Work request —
Write out, exactly and in full, the line where "Sale - Penthouse - Torrevieja" appears together with all lines that follow it in the entries below. Do not include pictures.
☆ ☆ ☆ ☆ ☆
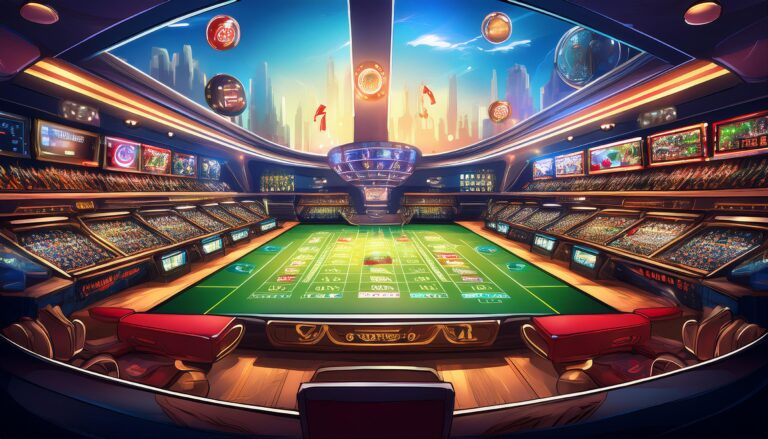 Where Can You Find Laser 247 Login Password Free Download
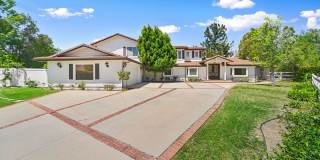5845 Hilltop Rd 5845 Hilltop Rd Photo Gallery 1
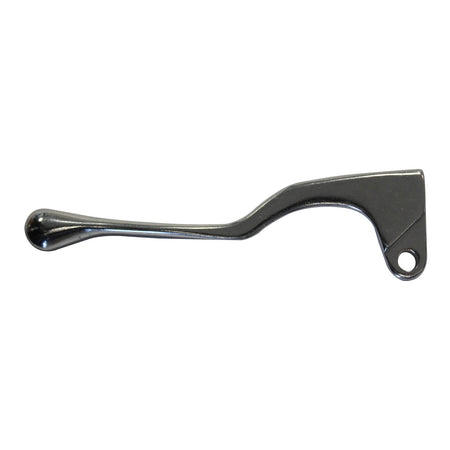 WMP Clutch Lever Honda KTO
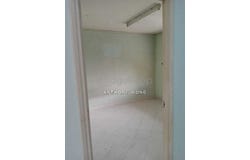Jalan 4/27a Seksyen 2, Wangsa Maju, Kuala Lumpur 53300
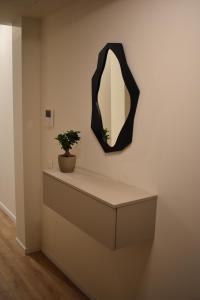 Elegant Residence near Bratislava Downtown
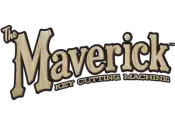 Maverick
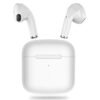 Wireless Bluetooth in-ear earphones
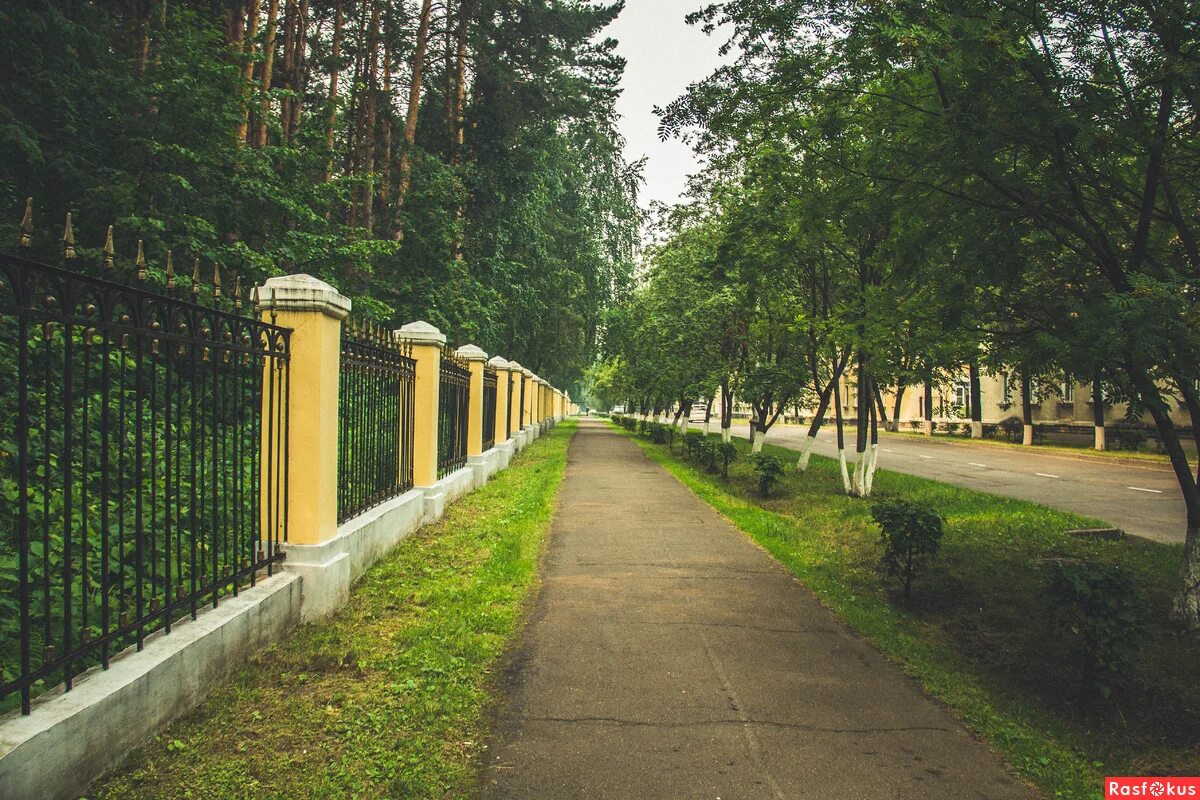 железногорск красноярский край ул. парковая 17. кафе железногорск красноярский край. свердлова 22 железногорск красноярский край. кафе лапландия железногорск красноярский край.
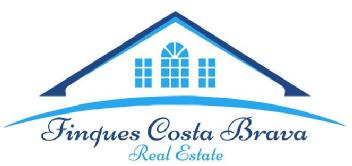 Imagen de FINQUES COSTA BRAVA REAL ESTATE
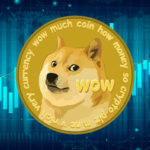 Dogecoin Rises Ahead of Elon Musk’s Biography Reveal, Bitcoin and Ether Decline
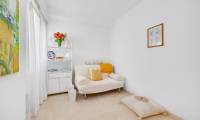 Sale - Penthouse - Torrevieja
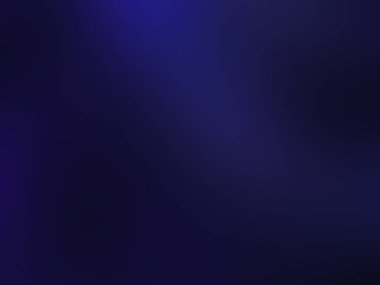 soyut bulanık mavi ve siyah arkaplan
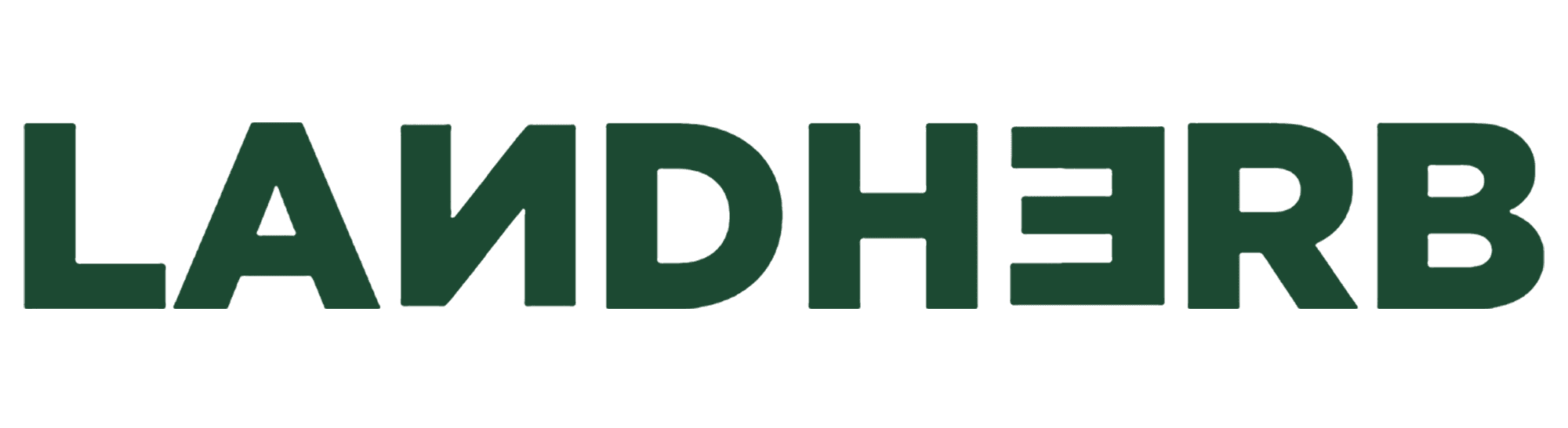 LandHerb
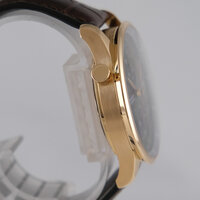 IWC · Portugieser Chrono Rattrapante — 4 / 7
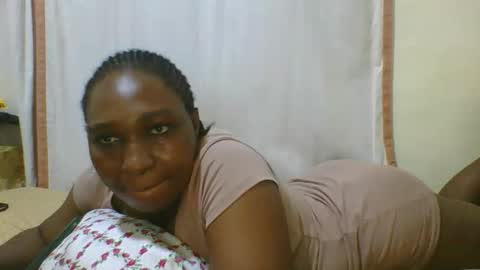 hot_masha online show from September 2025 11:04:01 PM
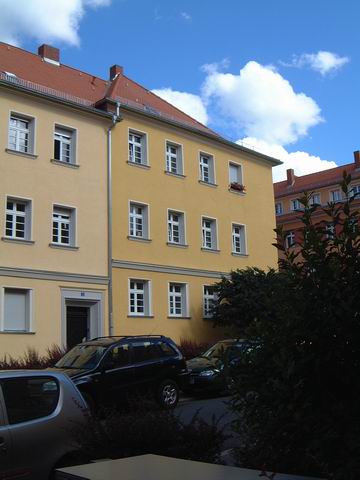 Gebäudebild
☆ ☆ ☆ ☆ ☆
Response to this exercise —
 Sale - Penthouse - Torrevieja
 soyut bulanık mavi ve siyah arkaplan
 LandHerb
 IWC · Portugieser Chrono Rattrapante — 4 / 7
 hot_masha online show from September 2025 11:04:01 PM
 Gebäudebild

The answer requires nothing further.